I was nice out of this discussion :stuck_out_tongue:

But the answer is not in a way that you’d love.

All I could eventually do is add a text field on the songs and use that as raw filter, not related to the artist data. Remember that it’s a song only data, as you said what about albums should an album with one song from a composer be shown? There’s no dual filters so when opening the album you’d see all songs.

That would have a very very limited use and I seriously do not think that it’s worth the trouble.

Yeah, I thought so when I realised that during the discussion. I had hoped that something like the virtual views for years would be possible, but I guess Kodi even assigns one year to an album if the individual tracks have different years (it seems to be the oldest year), while for composers that does not make sense.

I would of course vote for showing an album under a composer if at least one track has that composer, but that would not fit to the artist behaviour. A track view on the other hand might not be very helpful in the context we discussed above.

Too bad.

@AWren , @daniro - after some consideration I basically ignored most of the hints and guidelines you mentioned or I found on classical music tagging (I found this article on “the axioms of classical music tagging” quite interesting) and developed my own system, which translates very well into the UIs I currently use:

  • Composer: is the composer, obviously
  • Album artist: is also the composer. With this, the composers show up as as artists in the list of the classical genre in Symfonium.
  • Artist: is the actual artist, usually “Conductor / Orchestra” or “Soloist / Conductor / Orchestra”. In Symfonium I usually only view the album artists, but with this I can also enable Conductor- or Orchestra-based navigation
  • Year: the original composition year, not the year of the recording. With that, the works of one composer are listed chronologically when sorting by year.
  • Album title: Usually the full title like “Symphony No. 9 in D minor, WAB 109” (for Bruckner’s Ninth). If I have different recordings of the same work, then I append conductor, orchestra an year of recording in short form in brackets to the title, e.g. “(Jochum/BP, 1964)”. I also try to use consistent wording for the titles to differentiate between different types of works - I use “Symphony”, “Piano Concert”, “Cello Concert”, “Piano Sonata” etc. as the start of the title. That makes sorting a little more consistent for me.
  • Track title: Usually movement number and tempo, or whatever the composer named it (“1. Feierlich, misterioso”)
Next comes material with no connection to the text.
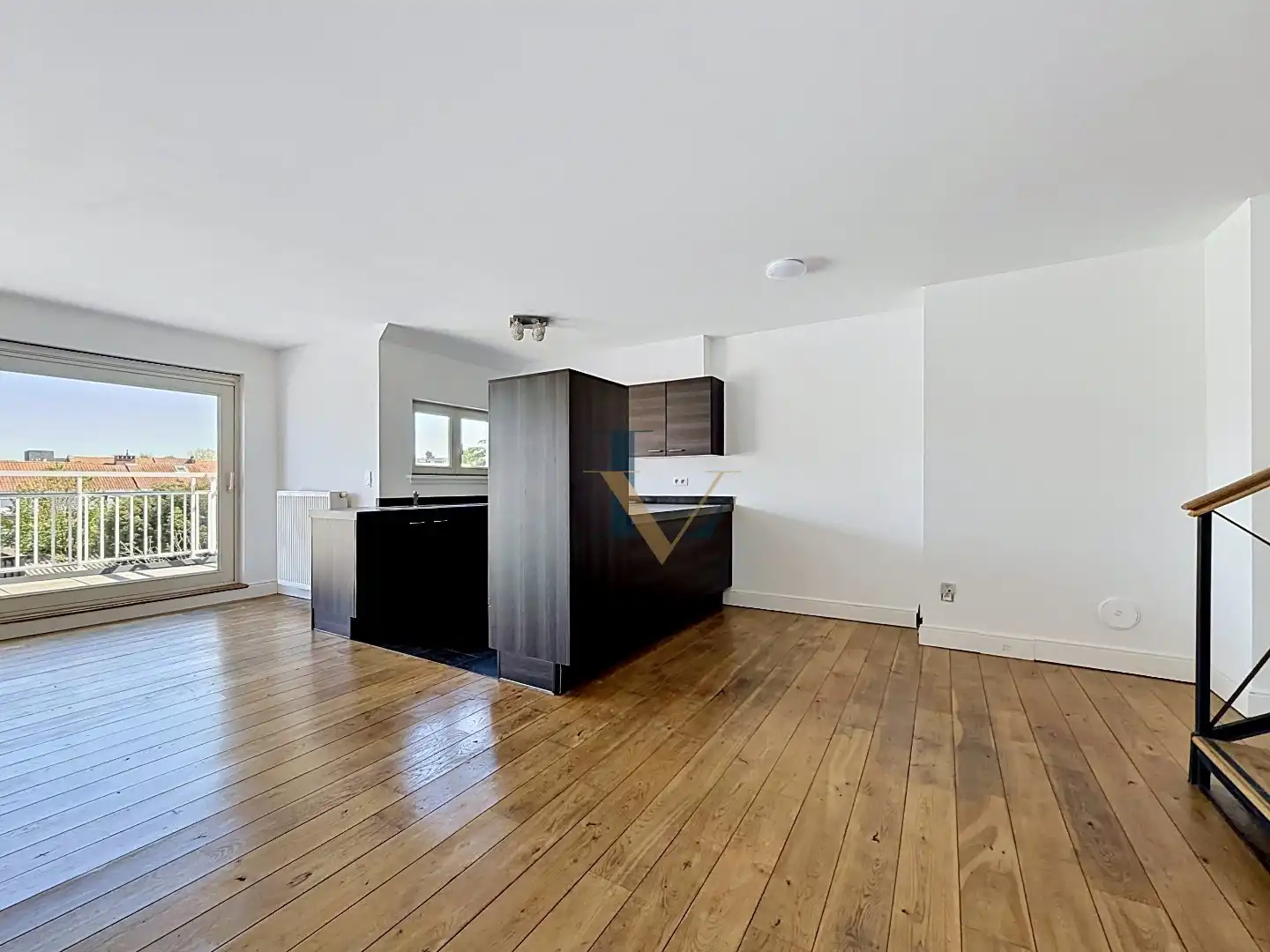 Instapklaar duplex appartement met 2 slpk. en 2 bdks. en mooi terras. foto 6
With that system, I get my classical library organized in a way that I like. It does not correspond to any of the de-facto standards, but as I do the music tagging myseslf it is no problem. In the meantime my classical collection grew to 140 albums, although many of them are not albums in the sense of a single CD, but of a single work (e.g. one piano sonata is one album, although three of them are on one CD). This is the first time I deviate from the 1:1 reproduction of the CD to the digital files. I took that idea from the article linked above.